* **Provided material**
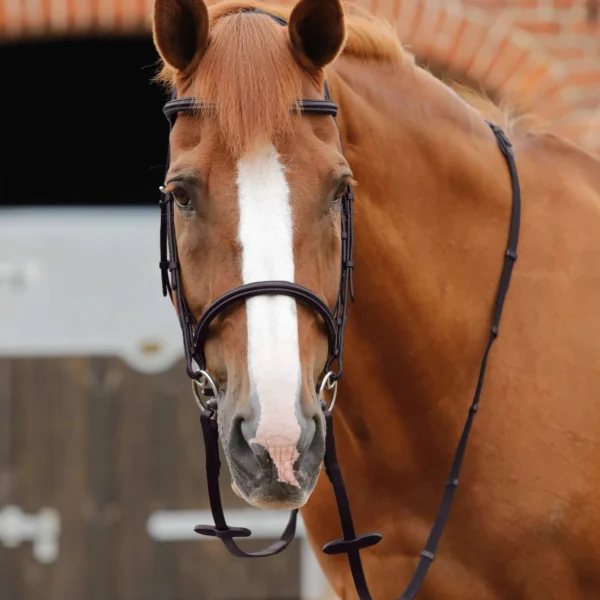Altare Web Reins Black/Brown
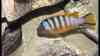 Maylandia sp. zebra long pelvic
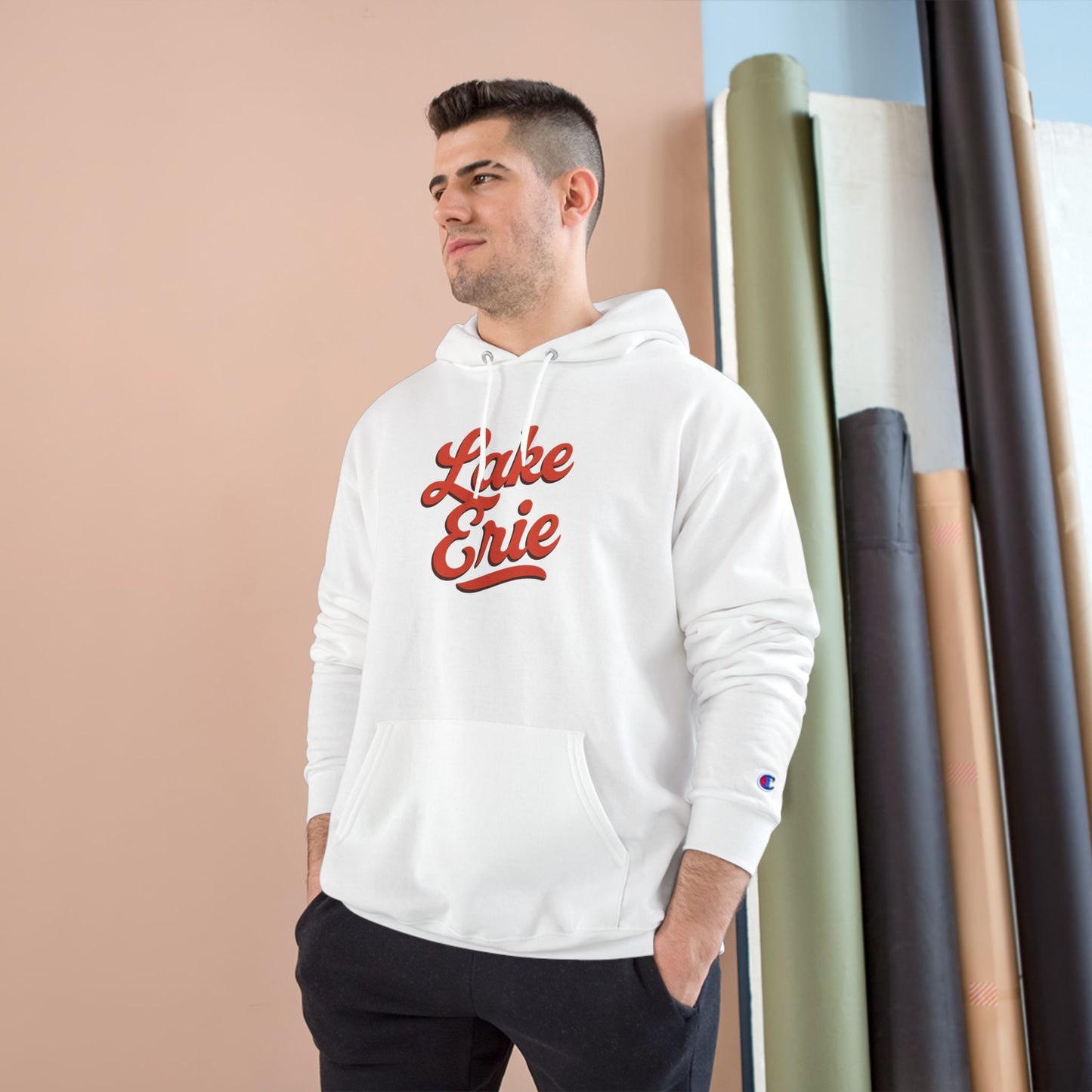 Lake Erie Cozy Hoodie, Perfect for Outdoor Adventures, Lake Days, Gifts for Nature Lovers, Comfortable Sweatshirt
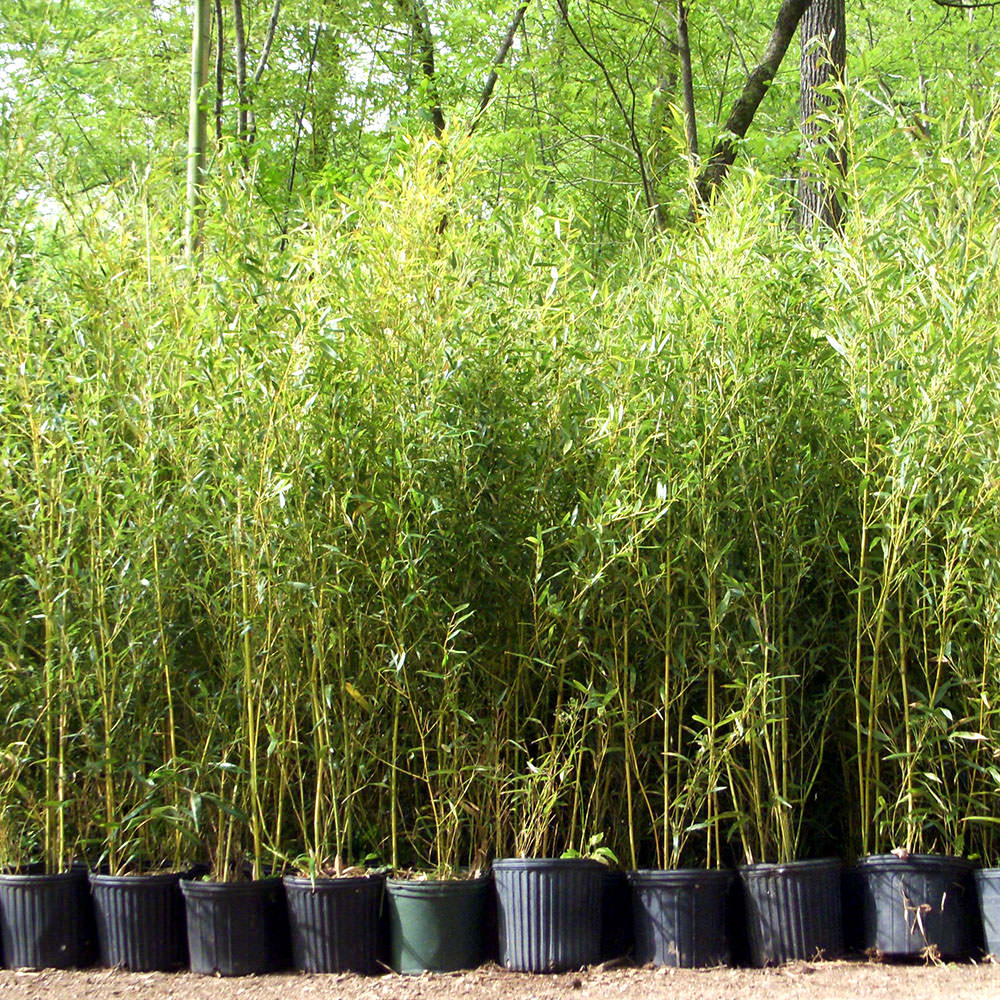 6'-10' Feet Tall Bamboo (3 Gallon)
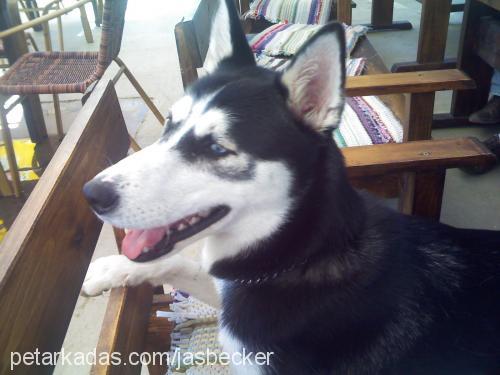 maya Dişi Sibirya Kurdu (Husky)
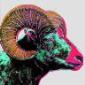 Andy Warhol (after), Bighorn Ram. Variante 5 di 6, stampa a colori su carta lucida, tiratura limitata (1000 es.), cm 20x20. Rif. Art 18 Basel 1987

* **About this task**
With the images left out, output all the entries above exactly.

* **Response**
Altare Web Reins Black/Brown
 Maylandia sp. zebra long pelvic
 Lake Erie Cozy Hoodie, Perfect for Outdoor Adventures, Lake Days, Gifts for Nature Lovers, Comfortable Sweatshirt
 6'-10' Feet Tall Bamboo (3 Gallon)
 maya Dişi Sibirya Kurdu (Husky)
 Andy Warhol (after), Bighorn Ram. Variante 5 di 6, stampa a colori su carta lucida, tiratura limitata (1000 es.), cm 20x20. Rif. Art 18 Basel 1987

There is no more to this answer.